According to Microsoft's status page, the outage started around 10:00 AM ET on Monday, June 5th, and lasted for several hours. The company said that it was caused by a network issue that impacted multiple Microsoft 365 services. Microsoft said that it reverted an update that was applied to its services and that it restored normal functionality for most users by 2:00 PM ET.
“We've confirmed that service availability has returned to healthy levels. We'll continue to monitor service health while we analyze system logs to determine the cause of the problem. More details under MO572252 in the admin center.”
However, the outage was not completely resolved, as Microsoft reported another issue with Outlook on the web around 4:15 PM ET. The company said that it was investigating the cause of the problem and that it was implementing changes to improve the user experience. As of 6:30 PM ET, some users were still experiencing issues with Outlook on the web.

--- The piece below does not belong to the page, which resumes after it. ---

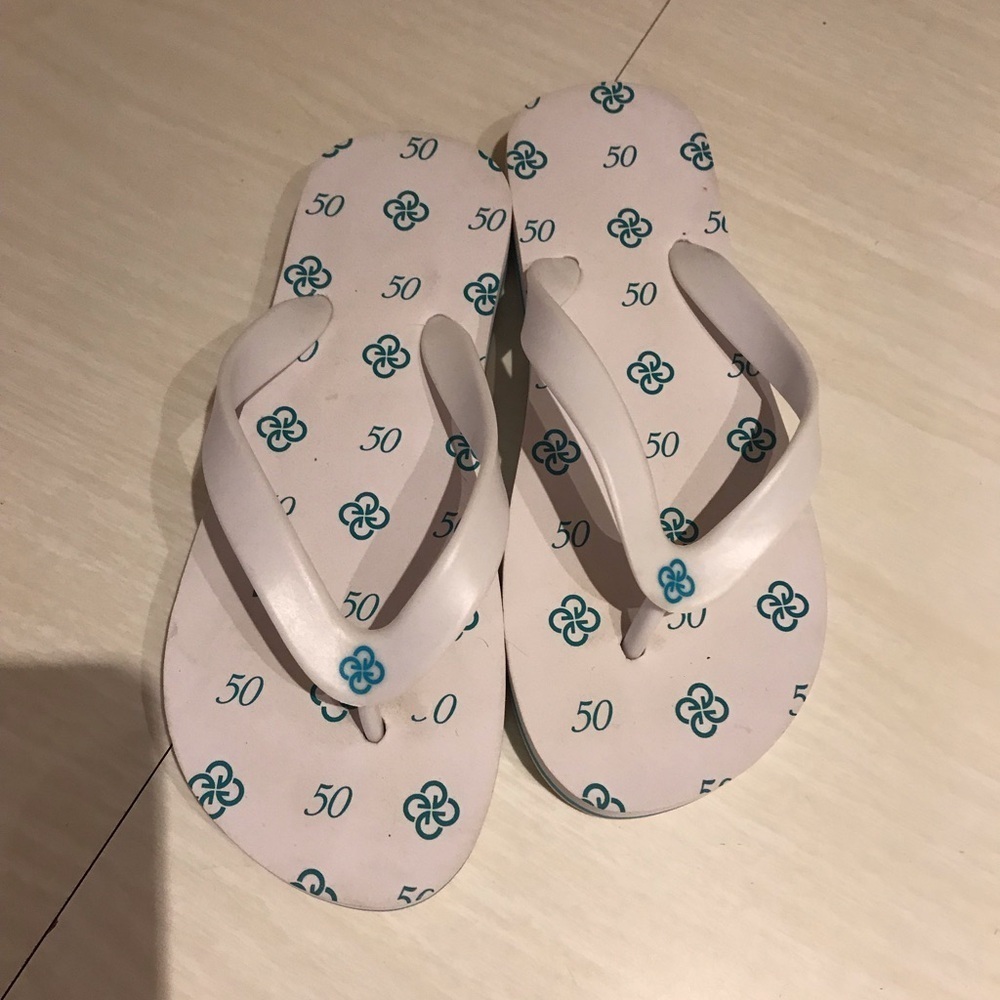 Guess White and Blue Flip Flops nwot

At the time of writing, the Microsoft 365 Status Twitter account was back to confirm the problem was back for some users and a further investigation was underway:
We've identified that the impact has started again, and we're applying further mitigation. Telemetry indicates a reduction in impact relative to earlier iterations due to previously applied mitigations. Further details about the workstreams are in the admin center via MO572252.
— Microsoft 365 Status (@MSFT365Status) June 6, 2023
The outage has been one of the worst for Microsoft this year, as it affected several core services that are widely used by businesses and individuals. Microsoft has faced at least three outages since the beginning of the year, raising questions about the reliability and security of its cloud platform. Microsoft has apologized for the inconvenience caused by the outage and said that it is working to prevent such incidents from happening again in the future.

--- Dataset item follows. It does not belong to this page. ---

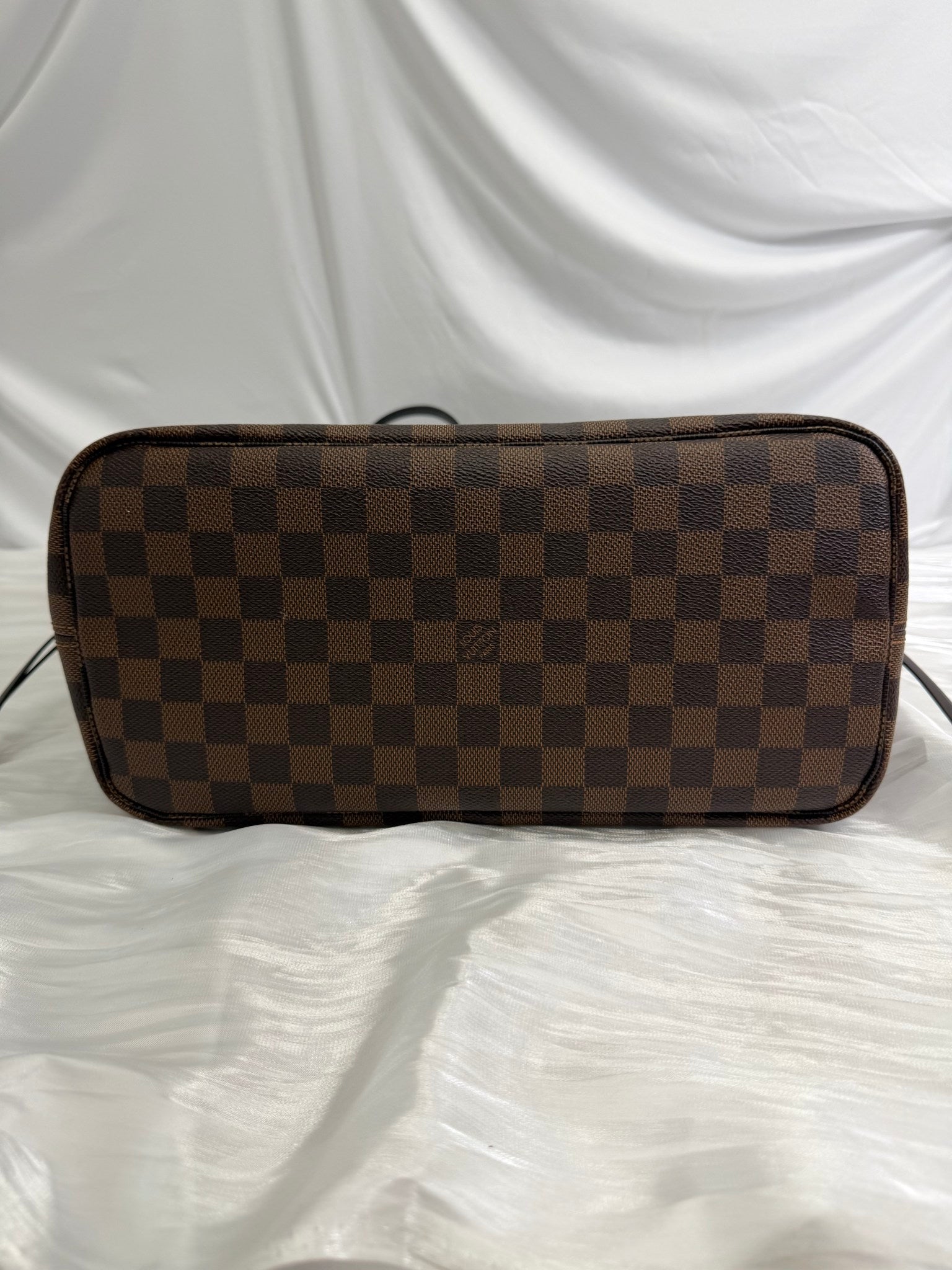 Louis Vuitton Damier Ebene Neverfull MM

Recent Outage with Microsoft Azure DevOps
Yesterday we reported on a code upgrade gone wrong caused a major outage for Microsoft Azure DevOps in the South Brazil Region on May 24. The outage lasted for more than 10 hours and affected 17 production databases.
According to Eric Mattingly, Microsoft's principal software engineering manager, the culprit was a typo bug in a snapshot deletion job. The bug made the job delete the entire Azure SQL Server instead of just one Azure SQL Database. “This also deleted all seventeen production databases for the scale unit”, Mattingly wrote in a post-mortem article. No Data Loss, But Slow Recovery
Microsoft assured that no data was lost during the incident, but the recovery process was lengthy and complicated. Customers could not restore their own Azure SQL Servers, so they had to wait for the Azure SQL team to intervene. This took about an hour. Moreover, backup redundancy issues and web server problems delayed the recovery further.